▸ DATA LISTING:
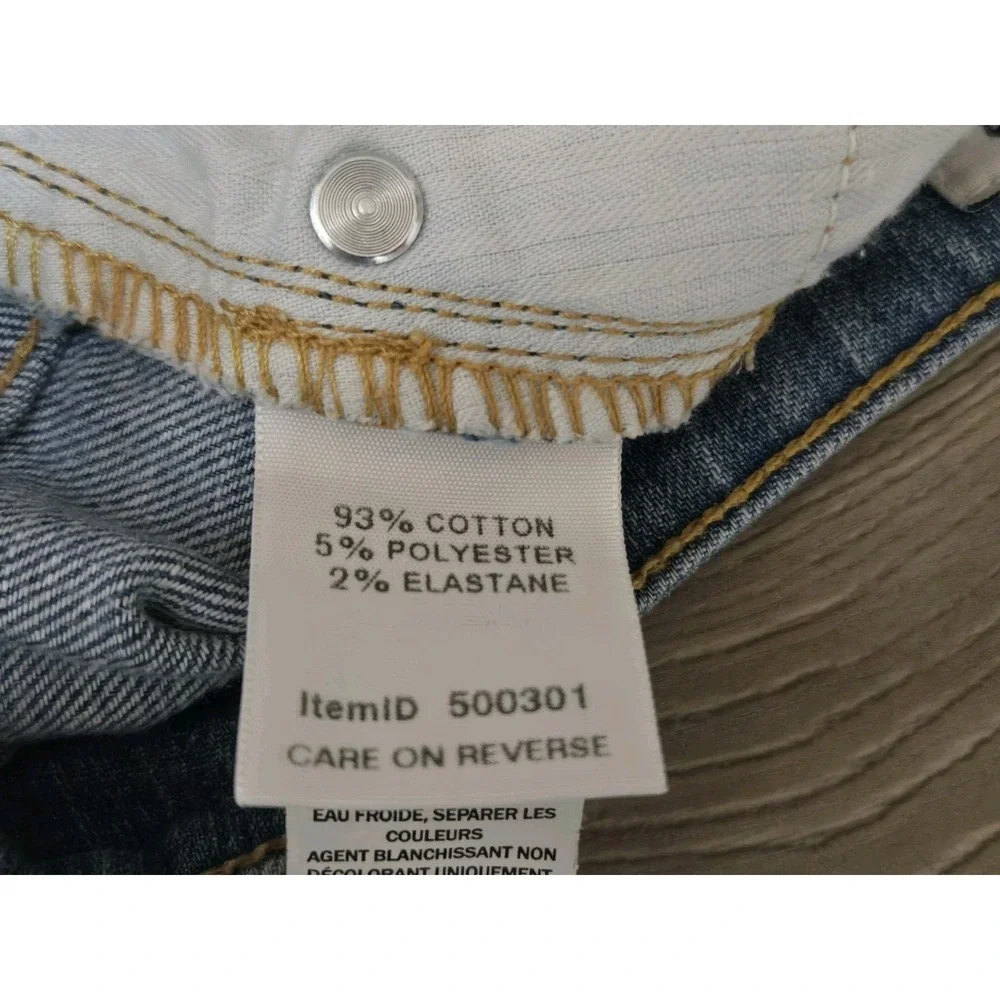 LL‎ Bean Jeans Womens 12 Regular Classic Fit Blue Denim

==

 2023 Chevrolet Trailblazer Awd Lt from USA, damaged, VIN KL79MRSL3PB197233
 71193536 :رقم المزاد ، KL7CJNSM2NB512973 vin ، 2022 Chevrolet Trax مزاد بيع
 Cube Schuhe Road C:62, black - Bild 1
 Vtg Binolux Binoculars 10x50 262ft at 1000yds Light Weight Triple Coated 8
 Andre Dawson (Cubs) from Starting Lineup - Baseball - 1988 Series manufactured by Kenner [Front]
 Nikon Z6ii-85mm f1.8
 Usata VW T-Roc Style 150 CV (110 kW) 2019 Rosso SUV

--

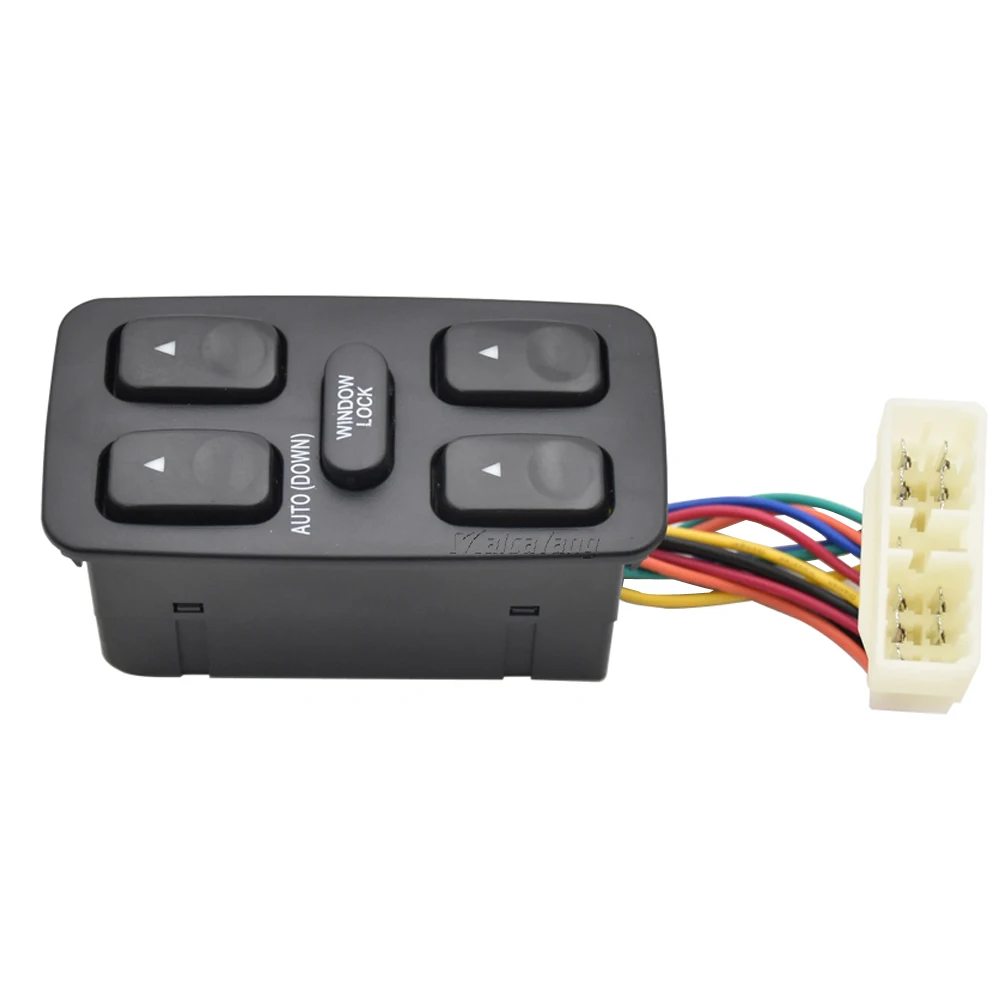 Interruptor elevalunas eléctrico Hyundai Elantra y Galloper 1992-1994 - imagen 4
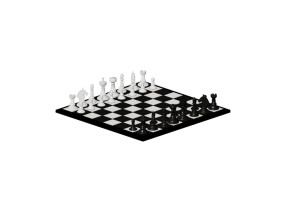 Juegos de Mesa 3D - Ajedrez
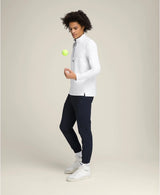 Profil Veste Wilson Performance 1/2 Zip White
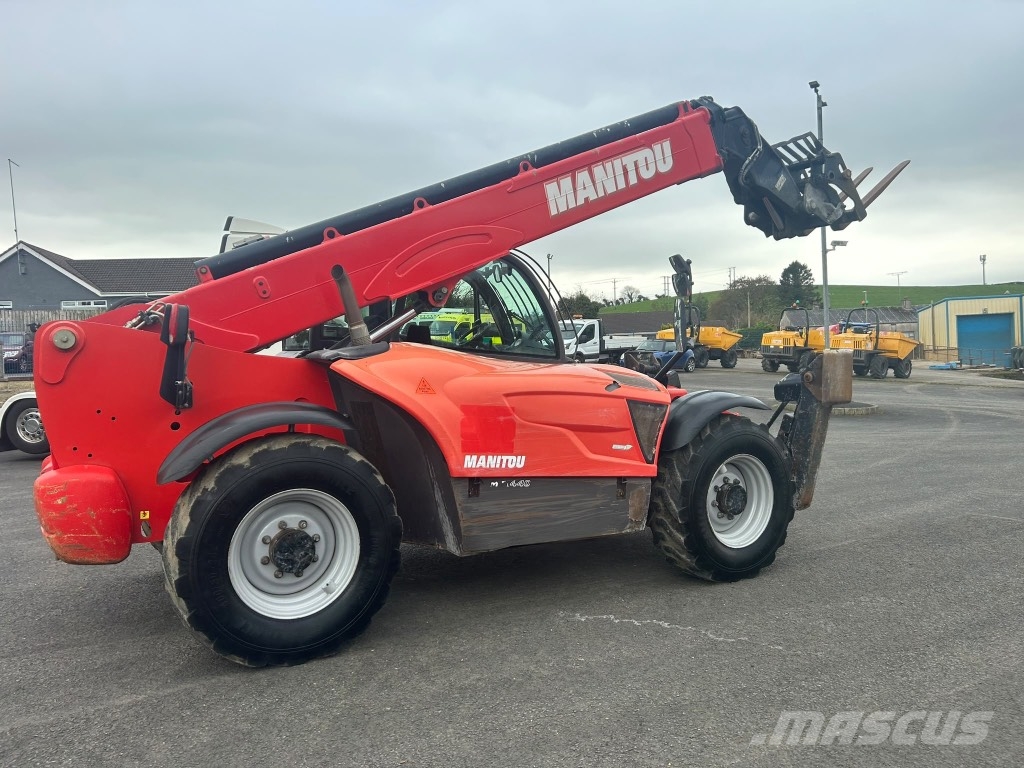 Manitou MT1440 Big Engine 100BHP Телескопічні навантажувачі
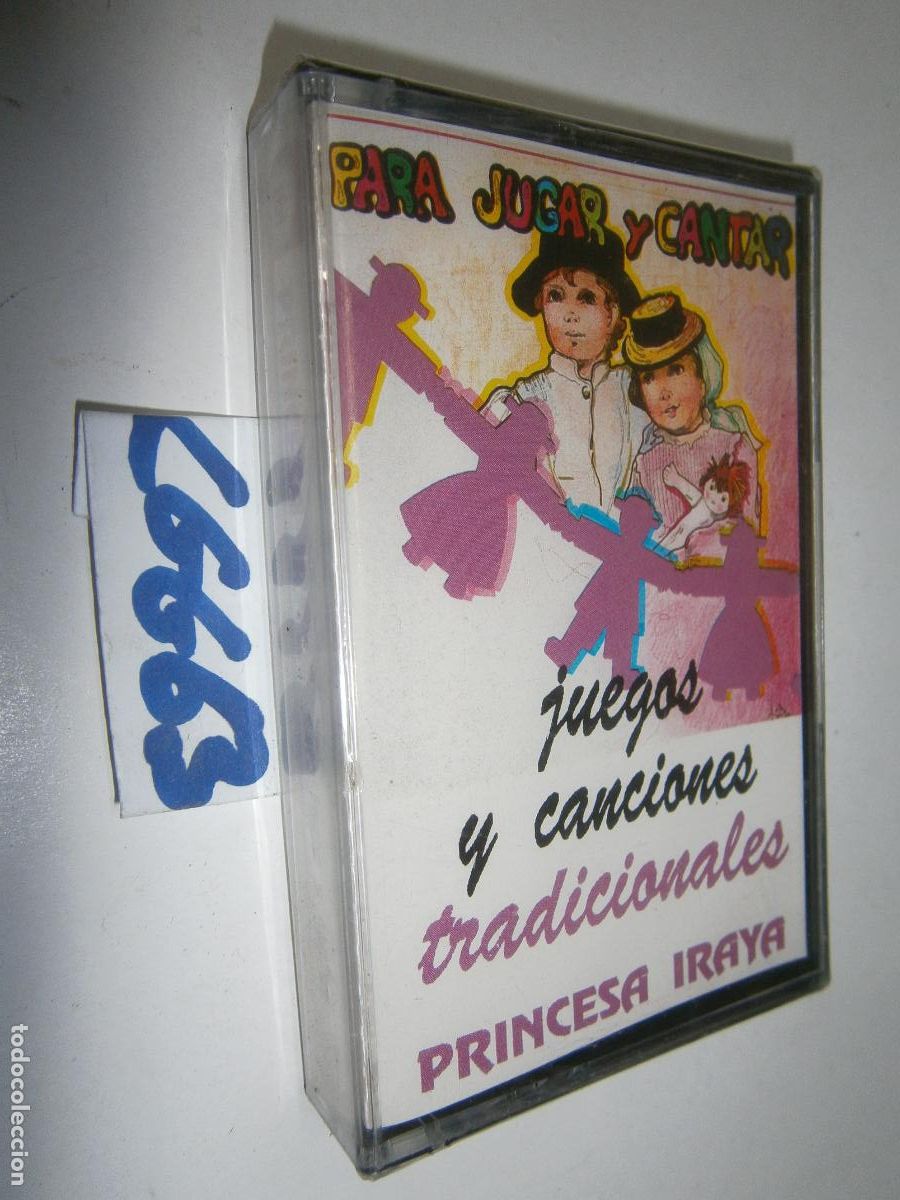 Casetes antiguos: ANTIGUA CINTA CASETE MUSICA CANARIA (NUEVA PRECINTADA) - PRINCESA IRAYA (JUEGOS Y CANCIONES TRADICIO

▸ WORK TASK: Set the pictures aside and transcribe exactly the stretch of lines above, beginning with the one holding "Profil Veste Wilson" and ending with the one holding "Casetes antiguos: ANTIGUA".

▸ ANSWER FOR THE TASK:
 Profil Veste Wilson Performance 1/2 Zip White
 Manitou MT1440 Big Engine 100BHP Телескопічні навантажувачі
 Casetes antiguos: ANTIGUA CINTA CASETE MUSICA CANARIA (NUEVA PRECINTADA) - PRINCESA IRAYA (JUEGOS Y CANCIONES TRADICIO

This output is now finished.